I don't think that's quite true. After the ExecCopySlot call, the
pass-by-ref Datums in remoteslot will point to a tuple attached to
localslot. But it does not pass the tuple 'ownership' to the remoteslot,
i.e. the flag TTS_FLAG_SHOULDFREE won't be set, i.e. the tuple won't be
freed.

>On closer inspection, though, it looks like the author of this
>code is relying on ExecClearTuple to *not* destroy the data,
>because the subsequent loop might overwrite only some of the
>slot's columns, before it does
>
>    ExecStoreVirtualTuple(slot);
>
>which supposes that all the columns are valid.
>
>But of course this is 100% broken, because whatever ExecClearTuple
>may have done or not done to the slot's datum/isnull arrays, it
>certainly pfree'd the slot's physical tuple.  So any pass-by-ref
>datums are now dangling pointers.
>
>I imagine the only reason this code has gotten past the valgrind
>animals is that we're not testing cases where non-replaced columns
>in the subscriber table are of pass-by-ref types.
>

I haven't checked, but I'd imagine we actually do such tests. I've
however tried to reproduce this, unsuccessfully.
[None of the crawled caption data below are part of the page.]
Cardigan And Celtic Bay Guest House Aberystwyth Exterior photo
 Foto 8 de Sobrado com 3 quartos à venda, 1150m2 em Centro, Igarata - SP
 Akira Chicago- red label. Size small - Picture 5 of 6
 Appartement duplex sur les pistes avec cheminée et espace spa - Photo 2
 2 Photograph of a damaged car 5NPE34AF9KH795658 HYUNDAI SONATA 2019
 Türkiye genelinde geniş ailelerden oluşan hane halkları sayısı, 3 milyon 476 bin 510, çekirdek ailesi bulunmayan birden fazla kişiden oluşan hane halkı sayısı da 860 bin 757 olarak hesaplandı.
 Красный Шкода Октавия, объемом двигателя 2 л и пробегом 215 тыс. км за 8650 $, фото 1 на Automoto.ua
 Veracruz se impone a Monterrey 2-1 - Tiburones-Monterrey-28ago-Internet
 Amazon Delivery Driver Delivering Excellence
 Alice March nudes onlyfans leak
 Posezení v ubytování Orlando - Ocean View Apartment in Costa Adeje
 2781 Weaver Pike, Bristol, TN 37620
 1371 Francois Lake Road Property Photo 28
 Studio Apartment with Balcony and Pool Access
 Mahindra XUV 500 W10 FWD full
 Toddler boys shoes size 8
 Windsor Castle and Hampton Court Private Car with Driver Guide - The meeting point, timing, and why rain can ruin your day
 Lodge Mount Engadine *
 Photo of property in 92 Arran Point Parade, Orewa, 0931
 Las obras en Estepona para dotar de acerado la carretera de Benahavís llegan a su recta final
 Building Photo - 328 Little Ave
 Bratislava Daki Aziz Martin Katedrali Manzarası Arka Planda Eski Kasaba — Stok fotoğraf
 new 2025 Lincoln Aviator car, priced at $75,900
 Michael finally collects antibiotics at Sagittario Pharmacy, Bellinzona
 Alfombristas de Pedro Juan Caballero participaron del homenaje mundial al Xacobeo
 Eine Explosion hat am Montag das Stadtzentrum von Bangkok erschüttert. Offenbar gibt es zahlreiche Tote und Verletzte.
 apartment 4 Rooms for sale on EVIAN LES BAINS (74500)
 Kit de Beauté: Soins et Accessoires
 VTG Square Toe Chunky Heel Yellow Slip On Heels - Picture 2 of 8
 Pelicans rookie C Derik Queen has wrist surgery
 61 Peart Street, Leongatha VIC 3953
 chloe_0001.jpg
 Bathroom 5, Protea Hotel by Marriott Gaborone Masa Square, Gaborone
>I draw a direct line between the existence of this bug and the lack
>of commentary in slot_modify_cstrings about what it's doing.  If the
>author had troubled to write a comment explaining these machinations,
>he might've noticed the bug, or at least reviewers might have.
>

Not sure. More comments would not hurt, but I don't see any bug yet.


regards

-- 
Tomas Vondra                  http://www.2ndQuadrant.com
PostgreSQL Development, 24x7 Support, Remote DBA, Training & Services

Re: BUG #16129: Segfault in tts_virtual_materialize in logical replication worker

От

Tom Lane

Дата:

22 ноября 2019 г., 02:56:47

Tomas Vondra <tomas.vondra@2ndquadrant.com> writes:
> On Thu, Nov 21, 2019 at 05:37:25PM -0500, Tom Lane wrote:
> I don't think that's quite true. After the ExecCopySlot call, the
> pass-by-ref Datums in remoteslot will point to a tuple attached to
> localslot. But it does not pass the tuple 'ownership' to the remoteslot,
> i.e. the flag TTS_FLAG_SHOULDFREE won't be set, i.e. the tuple won't be
> freed.

Nope:

static void
tts_heap_copyslot(TupleTableSlot *dstslot, TupleTableSlot *srcslot)
{
    HeapTuple    tuple;
    MemoryContext oldcontext;

    oldcontext = MemoryContextSwitchTo(dstslot->tts_mcxt);
    tuple = ExecCopySlotHeapTuple(srcslot);
    MemoryContextSwitchTo(oldcontext);

    ExecStoreHeapTuple(tuple, dstslot, true);
}

"remoteslot" will contain its very own copy of the data, which
is then summarily freed by ExecClearSlot.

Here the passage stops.